According to a second aspect of the present invention, there is provided a vertical turbine pump arrangement comprising an above-mentioned bowl pump, wherein the impeller of the vertical turbine pump is connected to a drive shaft extending from said motor.
Thus, the present invention is based on the insight of shaping the guide vanes, before the crest and/or at the crest, to guide the liquid flow towards the hub instead of towards the pump housing of the bowl pump in order to obtain higher efficiency, less flow separation and more optimal flow profile leaving the pump housing. Thus, the guide vane is provided with positive lean angle at least before and/or at the crest of the hub, i.e. that the guide vanes are tilted towards the pressure side of the guide vane. Thus, the pressure side surface of the guide vane is facing the outer surface of the hub.

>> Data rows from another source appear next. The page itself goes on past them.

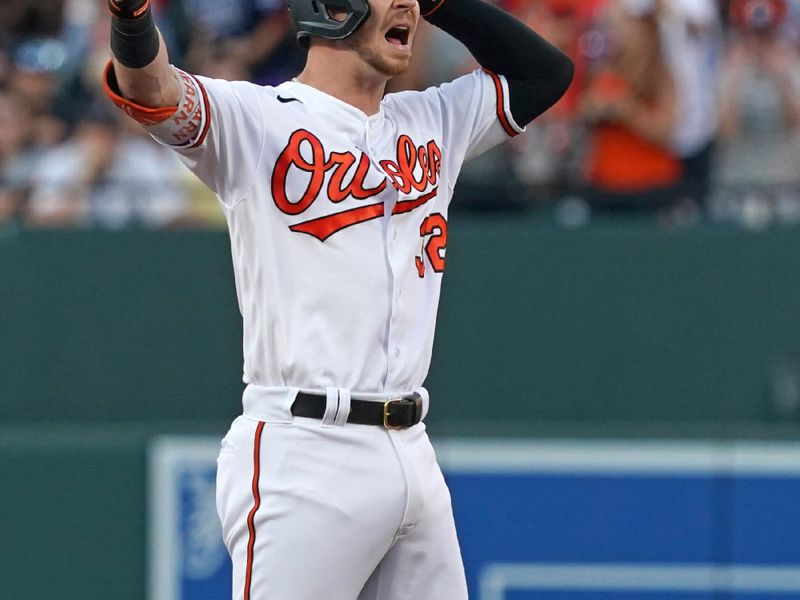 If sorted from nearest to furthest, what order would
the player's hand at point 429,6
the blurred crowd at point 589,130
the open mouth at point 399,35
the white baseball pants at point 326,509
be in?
the white baseball pants at point 326,509 < the open mouth at point 399,35 < the player's hand at point 429,6 < the blurred crowd at point 589,130

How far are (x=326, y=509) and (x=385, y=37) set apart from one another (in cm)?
109

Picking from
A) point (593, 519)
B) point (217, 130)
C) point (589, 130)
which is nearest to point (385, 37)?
point (217, 130)

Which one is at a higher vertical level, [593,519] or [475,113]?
[475,113]

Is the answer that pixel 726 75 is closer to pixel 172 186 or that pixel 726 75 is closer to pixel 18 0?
pixel 172 186

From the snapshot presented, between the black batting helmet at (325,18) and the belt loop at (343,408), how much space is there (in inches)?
31.8

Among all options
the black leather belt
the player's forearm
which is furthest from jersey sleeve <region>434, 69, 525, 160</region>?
the black leather belt

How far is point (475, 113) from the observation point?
3.60m

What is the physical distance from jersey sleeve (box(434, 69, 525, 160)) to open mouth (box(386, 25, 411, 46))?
0.32 m

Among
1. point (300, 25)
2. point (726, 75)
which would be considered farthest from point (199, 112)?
point (726, 75)

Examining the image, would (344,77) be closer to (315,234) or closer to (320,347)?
(315,234)

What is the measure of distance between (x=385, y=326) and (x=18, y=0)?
451 centimetres

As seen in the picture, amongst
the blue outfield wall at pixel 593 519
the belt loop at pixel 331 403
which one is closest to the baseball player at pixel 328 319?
the belt loop at pixel 331 403

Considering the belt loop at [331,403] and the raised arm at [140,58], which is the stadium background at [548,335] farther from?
the raised arm at [140,58]

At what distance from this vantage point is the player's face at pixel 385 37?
3191mm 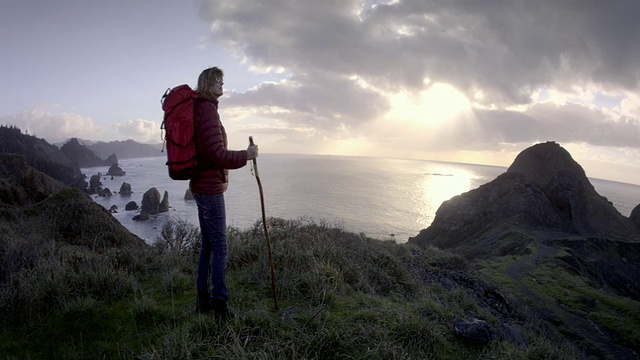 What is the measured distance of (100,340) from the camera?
12.6ft

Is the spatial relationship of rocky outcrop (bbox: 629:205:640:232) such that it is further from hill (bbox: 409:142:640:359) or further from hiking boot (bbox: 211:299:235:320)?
hiking boot (bbox: 211:299:235:320)

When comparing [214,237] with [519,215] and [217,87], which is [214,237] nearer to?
[217,87]

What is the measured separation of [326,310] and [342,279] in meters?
1.27

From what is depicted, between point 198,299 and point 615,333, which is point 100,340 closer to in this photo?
point 198,299

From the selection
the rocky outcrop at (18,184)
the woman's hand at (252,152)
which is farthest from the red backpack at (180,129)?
the rocky outcrop at (18,184)

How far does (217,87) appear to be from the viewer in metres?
3.92

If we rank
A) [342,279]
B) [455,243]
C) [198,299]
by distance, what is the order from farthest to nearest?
[455,243], [342,279], [198,299]

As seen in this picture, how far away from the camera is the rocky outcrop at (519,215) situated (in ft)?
199

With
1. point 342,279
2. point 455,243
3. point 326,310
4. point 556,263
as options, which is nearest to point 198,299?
point 326,310

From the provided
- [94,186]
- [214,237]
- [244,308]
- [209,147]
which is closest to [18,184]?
[244,308]

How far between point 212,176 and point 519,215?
78.2 meters

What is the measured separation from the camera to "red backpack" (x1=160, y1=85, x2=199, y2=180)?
3.66 m

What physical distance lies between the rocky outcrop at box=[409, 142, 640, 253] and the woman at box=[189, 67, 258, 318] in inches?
2218

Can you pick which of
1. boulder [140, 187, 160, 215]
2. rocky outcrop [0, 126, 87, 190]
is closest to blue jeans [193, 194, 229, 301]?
boulder [140, 187, 160, 215] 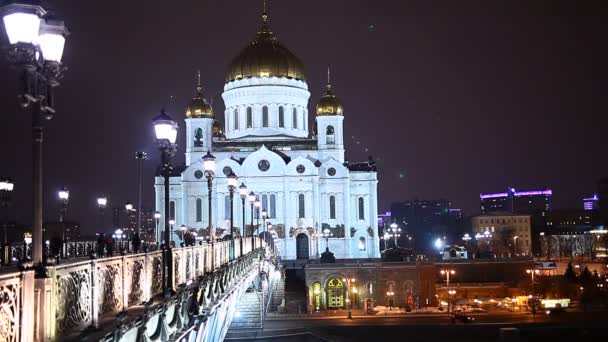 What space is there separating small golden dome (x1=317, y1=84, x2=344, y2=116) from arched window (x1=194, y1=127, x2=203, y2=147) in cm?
1274

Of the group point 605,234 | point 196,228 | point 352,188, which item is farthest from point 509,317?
point 605,234

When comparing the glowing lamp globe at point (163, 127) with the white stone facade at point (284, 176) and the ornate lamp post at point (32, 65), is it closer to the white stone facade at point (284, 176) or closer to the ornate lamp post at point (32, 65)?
the ornate lamp post at point (32, 65)

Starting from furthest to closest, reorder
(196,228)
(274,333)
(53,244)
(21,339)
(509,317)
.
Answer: (196,228) < (509,317) < (274,333) < (53,244) < (21,339)

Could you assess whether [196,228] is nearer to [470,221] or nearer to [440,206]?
[470,221]

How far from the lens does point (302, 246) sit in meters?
75.2

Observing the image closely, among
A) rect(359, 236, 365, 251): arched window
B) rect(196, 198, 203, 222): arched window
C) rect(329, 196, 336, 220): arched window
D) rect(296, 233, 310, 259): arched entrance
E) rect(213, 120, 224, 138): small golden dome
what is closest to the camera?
rect(296, 233, 310, 259): arched entrance

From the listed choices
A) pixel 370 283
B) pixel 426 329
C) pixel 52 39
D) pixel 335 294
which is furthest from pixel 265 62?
pixel 52 39

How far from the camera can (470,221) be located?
153 metres

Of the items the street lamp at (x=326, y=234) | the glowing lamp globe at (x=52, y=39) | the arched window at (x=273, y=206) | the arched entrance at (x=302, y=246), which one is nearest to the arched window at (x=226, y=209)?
the arched window at (x=273, y=206)

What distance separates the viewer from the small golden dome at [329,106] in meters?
80.4

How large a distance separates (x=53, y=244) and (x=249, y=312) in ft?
82.6

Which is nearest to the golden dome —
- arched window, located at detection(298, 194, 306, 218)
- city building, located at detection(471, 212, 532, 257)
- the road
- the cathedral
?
the cathedral

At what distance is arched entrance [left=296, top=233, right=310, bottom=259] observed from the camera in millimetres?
74875

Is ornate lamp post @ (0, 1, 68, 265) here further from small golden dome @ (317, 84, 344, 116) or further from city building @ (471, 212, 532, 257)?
city building @ (471, 212, 532, 257) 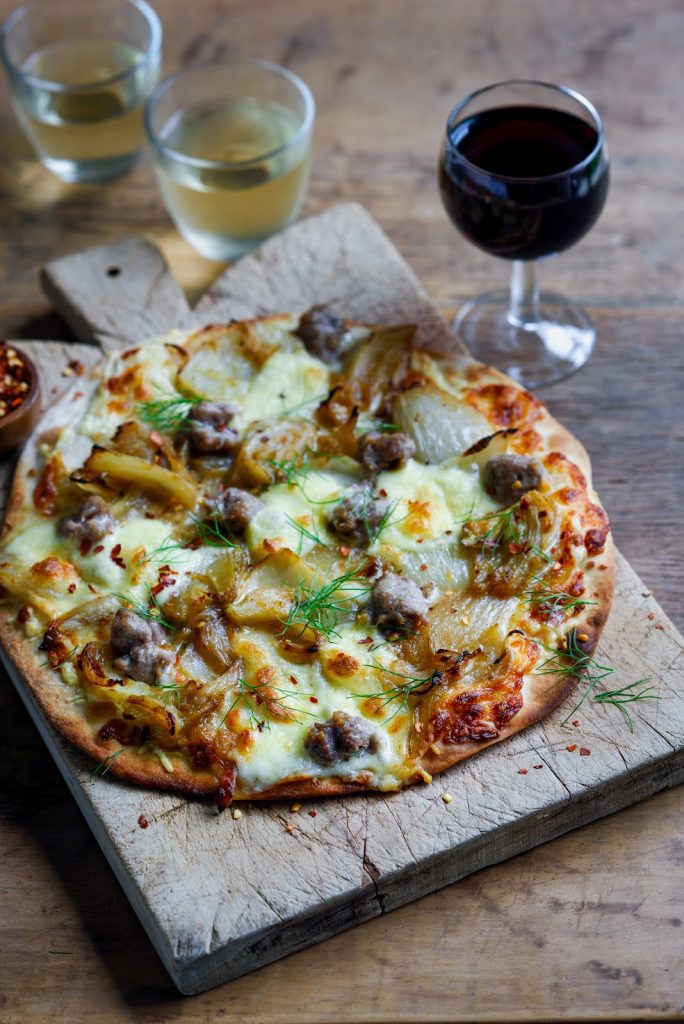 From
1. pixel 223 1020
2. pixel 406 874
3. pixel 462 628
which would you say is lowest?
pixel 223 1020

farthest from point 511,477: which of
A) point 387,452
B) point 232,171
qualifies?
point 232,171

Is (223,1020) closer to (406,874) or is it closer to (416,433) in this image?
(406,874)

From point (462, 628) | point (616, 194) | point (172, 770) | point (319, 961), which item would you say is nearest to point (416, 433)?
point (462, 628)

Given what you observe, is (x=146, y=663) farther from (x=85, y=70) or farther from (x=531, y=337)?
(x=85, y=70)

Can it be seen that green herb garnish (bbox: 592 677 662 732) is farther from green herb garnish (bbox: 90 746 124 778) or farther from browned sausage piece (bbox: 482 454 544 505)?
green herb garnish (bbox: 90 746 124 778)

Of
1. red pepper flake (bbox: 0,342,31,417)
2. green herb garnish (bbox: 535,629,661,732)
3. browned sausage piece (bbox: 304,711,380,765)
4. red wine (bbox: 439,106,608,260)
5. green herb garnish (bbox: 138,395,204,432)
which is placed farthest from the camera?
red pepper flake (bbox: 0,342,31,417)

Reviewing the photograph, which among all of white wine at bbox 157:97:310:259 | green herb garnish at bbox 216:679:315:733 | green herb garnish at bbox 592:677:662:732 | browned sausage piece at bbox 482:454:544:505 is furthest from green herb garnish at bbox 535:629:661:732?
white wine at bbox 157:97:310:259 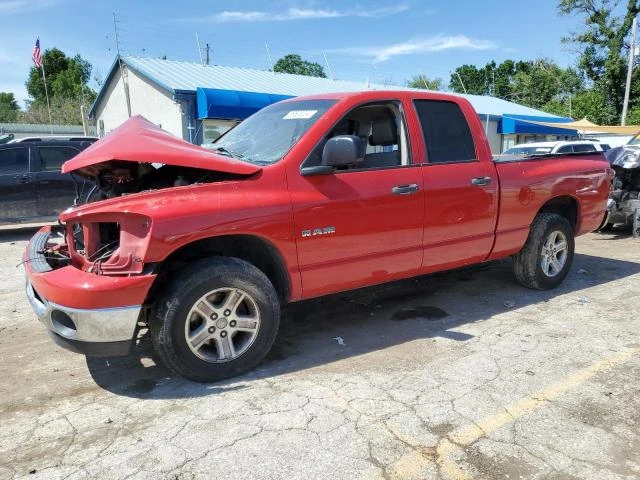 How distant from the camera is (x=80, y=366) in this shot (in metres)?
3.85

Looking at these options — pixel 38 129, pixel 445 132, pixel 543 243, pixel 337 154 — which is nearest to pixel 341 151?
pixel 337 154

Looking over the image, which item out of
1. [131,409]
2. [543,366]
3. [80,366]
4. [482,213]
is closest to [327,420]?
[131,409]

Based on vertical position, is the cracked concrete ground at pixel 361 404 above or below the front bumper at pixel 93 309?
below

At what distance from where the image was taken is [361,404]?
3205 millimetres

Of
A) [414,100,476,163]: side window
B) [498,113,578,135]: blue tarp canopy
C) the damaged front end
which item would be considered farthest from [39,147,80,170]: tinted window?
[498,113,578,135]: blue tarp canopy

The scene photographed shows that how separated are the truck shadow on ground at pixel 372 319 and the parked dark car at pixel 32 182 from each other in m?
6.71

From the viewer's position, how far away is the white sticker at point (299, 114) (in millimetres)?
4129

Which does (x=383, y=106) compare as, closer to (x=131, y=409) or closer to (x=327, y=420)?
(x=327, y=420)

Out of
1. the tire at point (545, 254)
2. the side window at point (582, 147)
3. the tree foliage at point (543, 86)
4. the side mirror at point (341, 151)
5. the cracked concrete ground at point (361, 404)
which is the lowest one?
the cracked concrete ground at point (361, 404)

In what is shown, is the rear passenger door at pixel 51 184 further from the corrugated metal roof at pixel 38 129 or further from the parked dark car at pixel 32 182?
the corrugated metal roof at pixel 38 129

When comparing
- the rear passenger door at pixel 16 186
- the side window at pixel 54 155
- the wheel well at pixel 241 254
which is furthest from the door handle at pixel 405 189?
the rear passenger door at pixel 16 186

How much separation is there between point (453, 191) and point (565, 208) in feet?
7.24

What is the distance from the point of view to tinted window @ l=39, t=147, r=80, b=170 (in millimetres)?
9695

According to various embodiments of the present invention, each guide vane has a mean radial span vane angle (d) that is equal to or more than 30 degrees up to 0,3 relative axial position of the guide vane, preferably up to 0,5 relative axial position and most preferably up to 0,7 relative axial position. This means that the efficiency of the bowl pump is further enhanced, and the flow profile is even more optimal.
According to various embodiments, each guide vane has a mean radial span vane angle (d) that is equal to or more than 35 degrees from 0,1 to 0,2 relative axial position. This means that the efficiency of the bowl pump is further enhanced, and the flow profile is even more optimal.
According to various embodiments, each guide vane has a mean radial span vane angle (d) that is equal to or more than 40 degrees from 0,2 to 0,3 relative axial position. This means that the efficiency of the bowl pump is further enhanced, and the flow profile is even more optimal.
According to various embodiments, the crest of the hub is located upstream 0,3 relative axial position and located downstream 0,05 relative axial position.
Further advantages with and features of the invention will be apparent from the other dependent claims as well as from the following detailed description of preferred embodiments.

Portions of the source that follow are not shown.